Since the inception of smart contracts on Ethereum in 2015 [1], privacy has remained one of the blockchain ecosystem’s most persistent unsolved challenges. Early solutions like zk-SNARKs [2] enabled zero-knowledge proof verification but did not support private computation within smart contracts. Projects such as Enigma [3], Secret Network [4], and Zexe [5] explored different paradigms for encrypted execution, but often at the cost of developer experience, composability, or decentralization. More recently, fully homomorphic encryption (FHE) and threshold cryptography have shown promise for enabling secure on-chain computation without data leakage.

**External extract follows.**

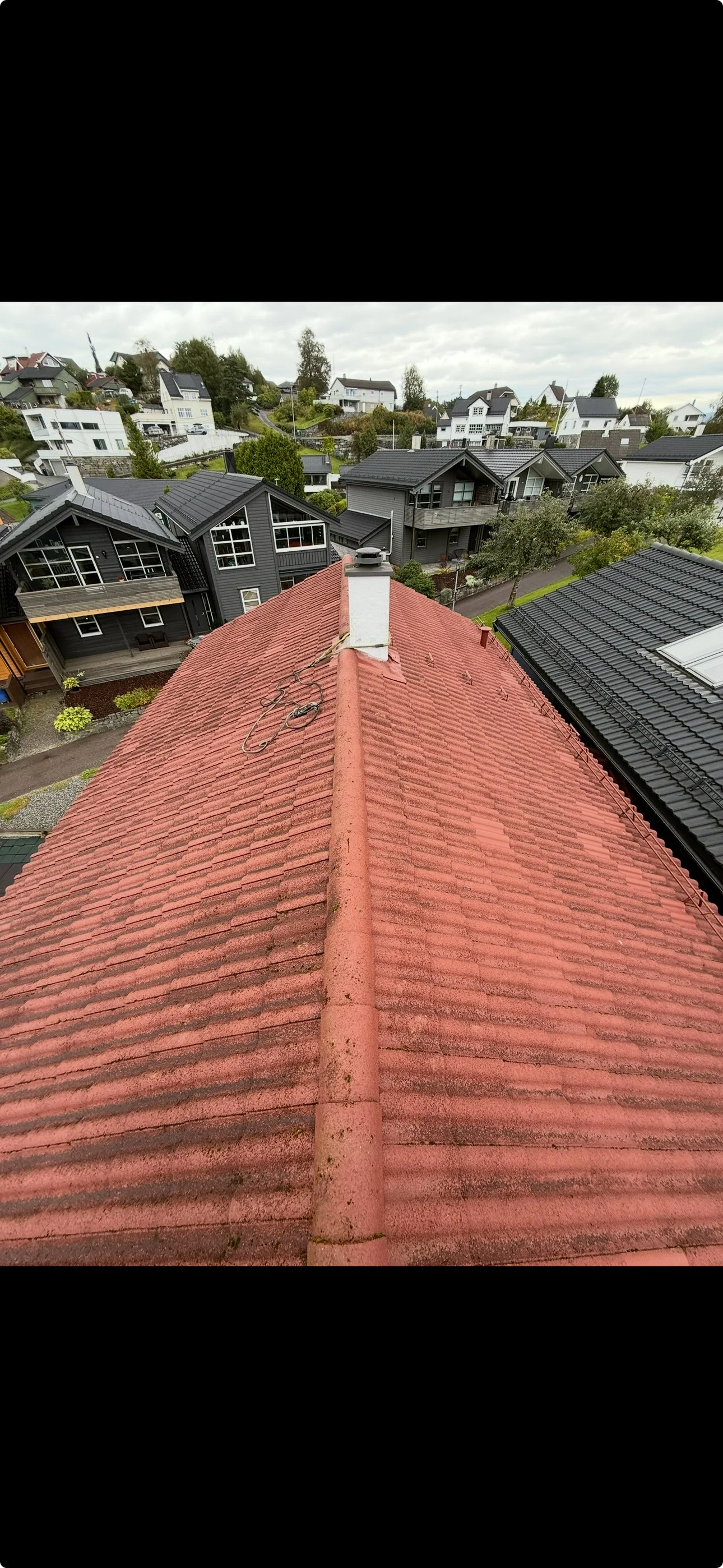 Før-bilde: av slitt rødt tak med mose og skitt før profesjonell takvask og maling i Bergen
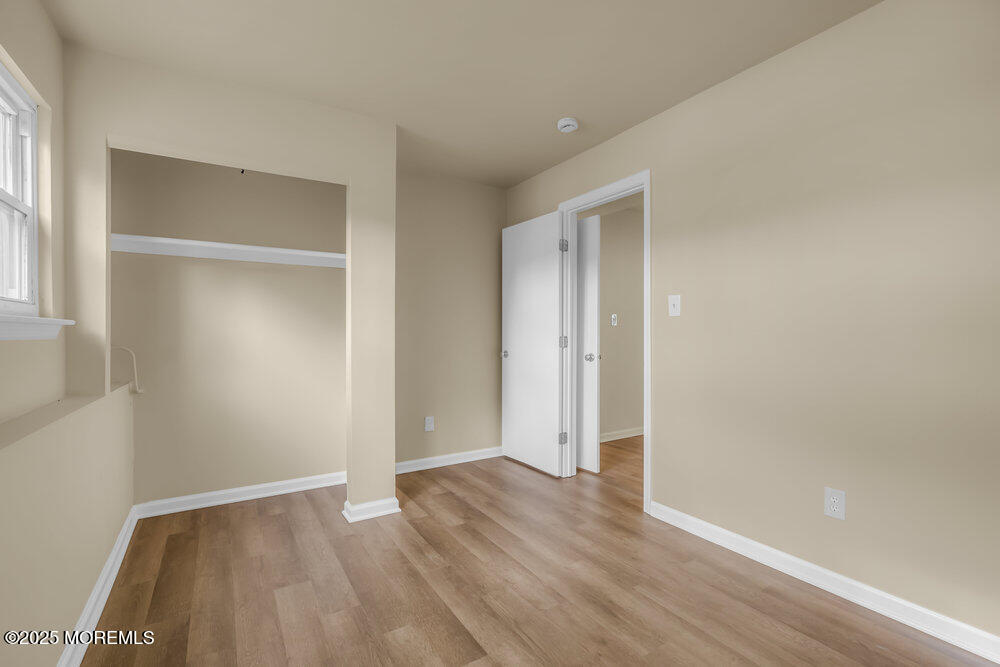 32 Pine Tree Drive Bayville, NJ 08721 - Photo 28 of 63 a view of an empty room with wooden floor and closet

BITE (Blockchain Integrated Threshold Encryption) is a groundbreaking protocol that brings full-stack privacy to blockchain systems without compromising decentralization or Solidity compatibility. BITE introduces a phased approach to private computation on-chain, starting with encrypted transactions (Phase 1) and evolving through private smart contract execution (Phase 2), user-specific access control via threshold re-encryption (Phase 3), and culminating in the integration of threshold fully homomorphic encryption (TFHE) for confidential computation (Phase 4). This progression unlocks a wide array of privacy-preserving applications, including sealed auctions, private messaging, secure trading, confidential DeFi, encrypted gaming, private DAOs, and full-featured on-chain banking. By transforming blockchains into privacy-preserving cloud computers, BITE bridges the usability of Web2 with the trustlessness of Web3, offering developers and users a seamless path toward building and interacting with decentralized systems that respect confidentiality by design.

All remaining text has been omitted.